Richards Layton & Finger
 

Chief Judge Stark Dismisses Defendant for Improper Venue

January 30, 2018

In Koninklijke KPN N.V. v. Kyocera Corp., No. 17-87-LPS-CJB (D. Del. Dec. 18, 2017), Chief Judge Stark denied defendant Kyocera Corp.’s motion to dismiss for lack of personal jurisdiction, but granted defendant Kyocera International, Inc.’s motion to dismiss for improper venue.

The Court first found that Kyocera International’s venue defense was neither waived (since the Federal Circuit recognized TC Heartland as a change in law) nor forfeited by joining a motion for judgment on the pleadings filed in related cases. Chief Judge Stark pointed out that Kyocera International’s motion to dismiss preceded its joinder in the motion for judgment on the pleadings, and that Kyocera had at various points continued to contest venue. Under these circumstances, according to the Court, no forfeiture took place. The Court then found that venue was not proper under the patent venue statute because Kyocera International did not maintain a physical presence in Delaware, which, according to the Court, was not “seriously” disputed. The Court did conclude that venue was proper as to Kyocera Corp., however, since the patent venue statute applied only to domestic corporations (which Kyocera Corp., a Japanese company, was not).

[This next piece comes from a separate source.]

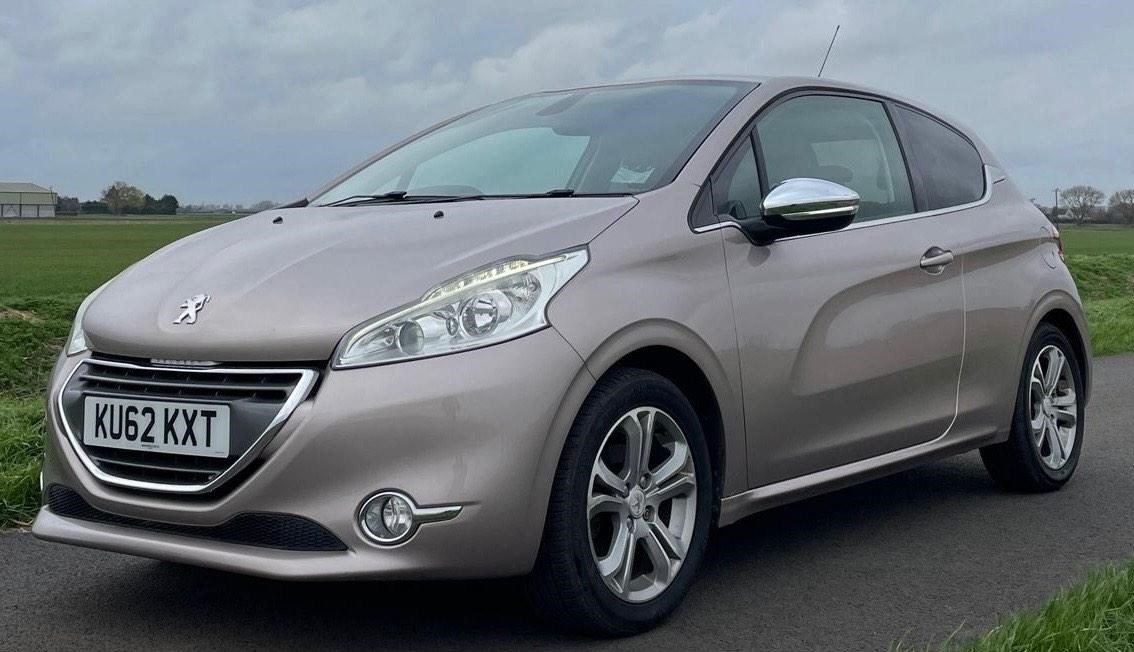 Peugeot 208 Listing Image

Additionally, Chief Judge Stark concluded that Kyocera Corp. was subject to personal jurisdiction under a “dual jurisdiction” or “stream of commerce” theory because Kyocera Corp. stated in a securities filing that it manufactured and sold products for sale throughout the United States. In rejecting Kyocera Corp.’s personal jurisdiction challenge, the Court found that the Supreme Court’s decision in Bristol-Myers Squibb v. Superior Court of California, San Francisco County, 137 S. Ct. 1773 (2017), did not bar the exercise of specific jurisdiction; unlike in Bristol-Myers, there was a connection here between the forum and the cause of action, since Kyocera Corp. intended to serve the Delaware market with the accused products.

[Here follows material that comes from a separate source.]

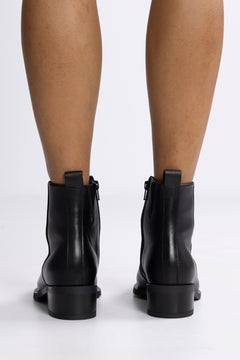Elva - Black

The Court also denied the defendants’ request that they be transferred together on convenience grounds to the Southern District of California, since related cases were pending before Chief Judge Stark and because the plaintiff, Koninklijke KPN N.V., expressed a willingness to dismiss its claims without prejudice against Kyocera International and proceed solely against Kyocera Corp. The Court granted Kyocera Corp. leave to renew its motion to transfer should Koninklijke seek to dismiss its claims against Kyocera International.

Key Point: Patentees accusing corporate affiliates or subsidiaries of infringement based on the same accused products must analyze venue carefully before filing suit or risk having their claims adjudicated in separate venues.